On 09/26/2013 06:41 PM, Peter Dimov wrote:
One general note about these changes. This:
#if defined( _MSC_VER ) && _MSC_VER >= 1310
doesn't mean "compiler is MS VC++ 7.1". It means "compiler claims to support MSVC 7.1's features."
From the point of view of the source code, those are the same.
Does that make sense? The source code uses features which MSVC 7.1 has, and assumes not to need to use ifdefs guarding such code. That is also true for new source code. People writing new source code are not going to check if it worked with all compilers pretending to be MSVC 7.1 (but not actually MSVC 7.1) and wrap it in an ifdef. We bumped the compiler requirement so that they don't have to do that. If another compiler reports that it has the features of MSVC 7.1, then that is truth, and the source code should not assume it is false.
Many Windows compilers define _MSC_VER for compatibility.
I'm not positive that the removal of the _MSC_VER >= part would break something nowadays, but if it does, this would be why. I'd have left these alone; it's not clear what purpose removing the check is intended to serve, apart from breaking code.

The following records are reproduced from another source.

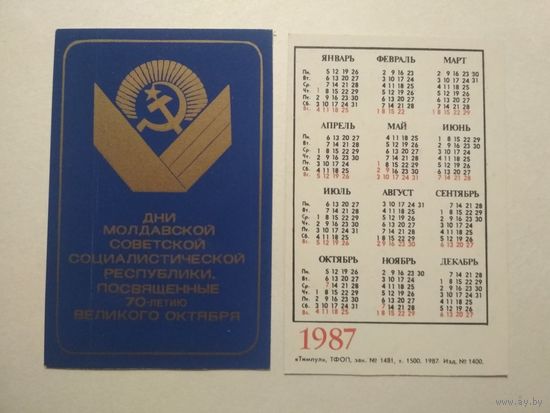 Карманный календарик . 1987 год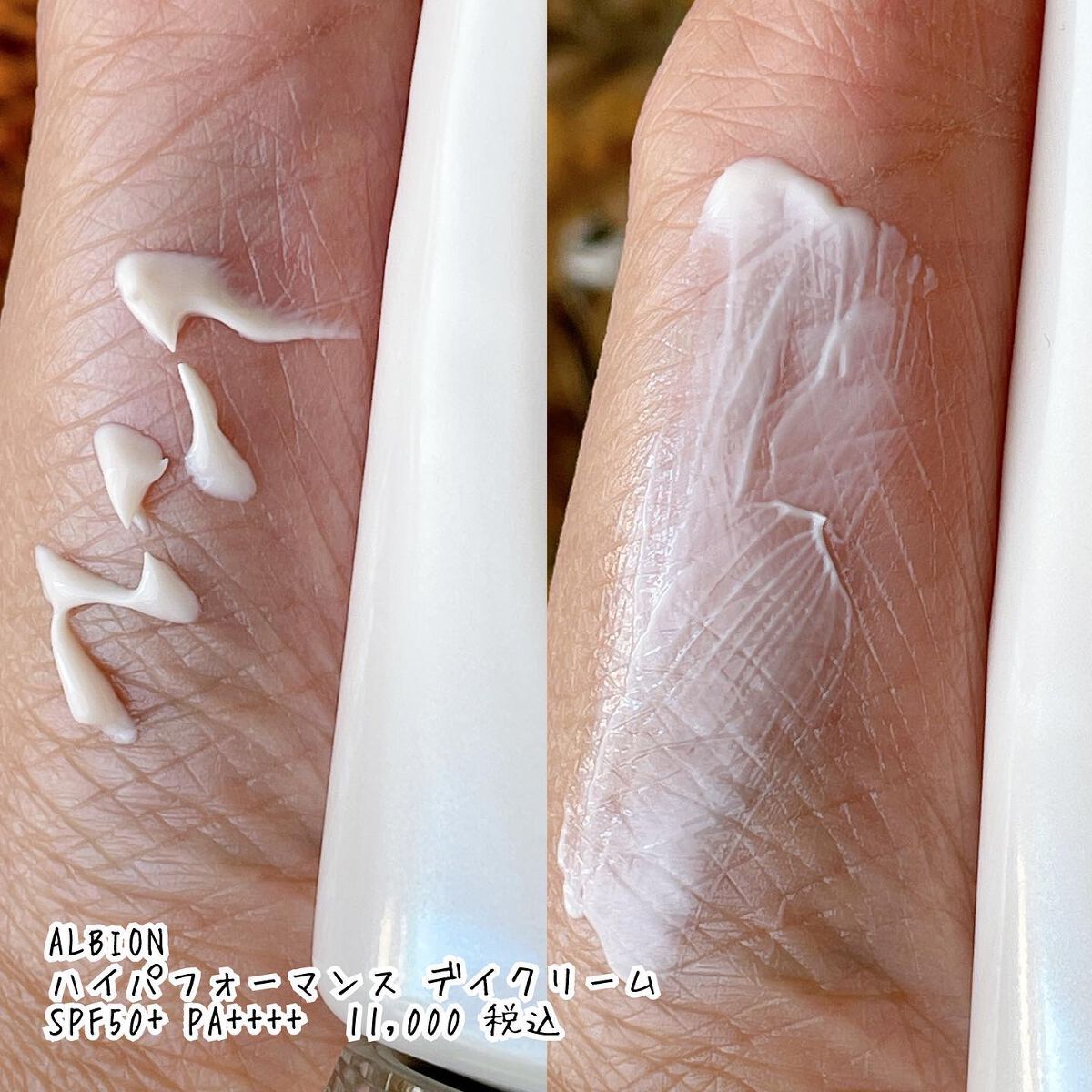 クレームUV/クレ・ド・ポー ボーテ/化粧下地を使ったクチコミ(2枚目)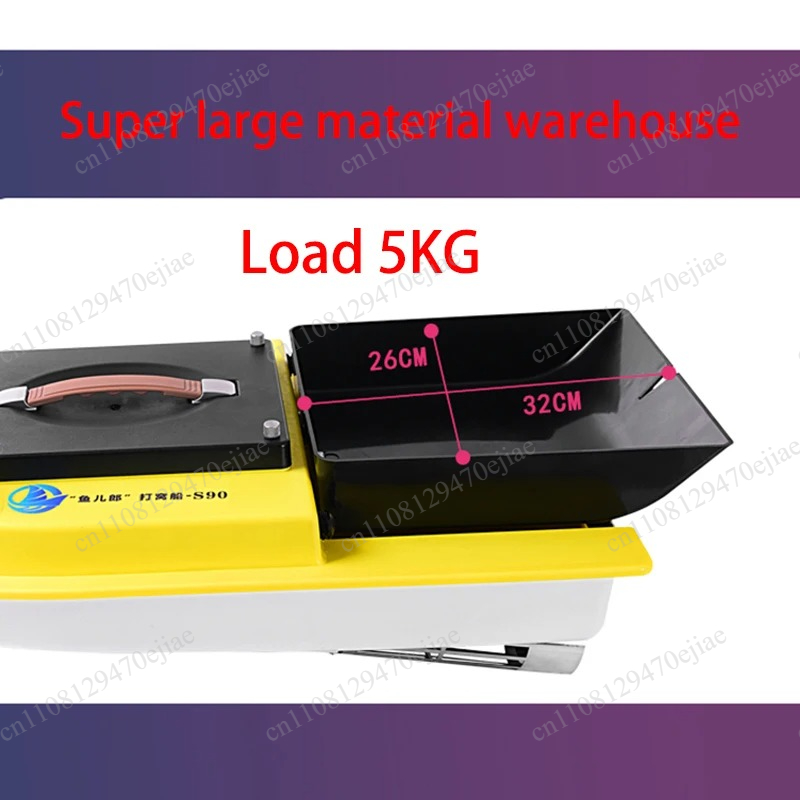 S90 12V RC GPS 미끼 배송 보트 - 600m - Fish Finder 리뷰 및 가격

* Removal of near-duplicate code * Removal of obsolete workarounds (pulling in dependencies), * Removal of noise in git grep output (so you can see if a feature/define is actually used, or if it is only used inside an obsolete ifdef. git grep does not know about ifdefs) * Making the code look more like normal c++ (eg revisions 85957 and 85958), which makes reading/contributing easier. * Making it easier to move code around for modularization. ie, the purpose is the same purpose as justified the compiler requirement bump.
Actual MSVC-specific code is guarded by BOOST_MSVC and not _MSC_VER.
Only if written correctly, which is not always the case. See revision 85932, which specifically references MSVC warnings. This is moot anyway because of the above. Thanks, Steve.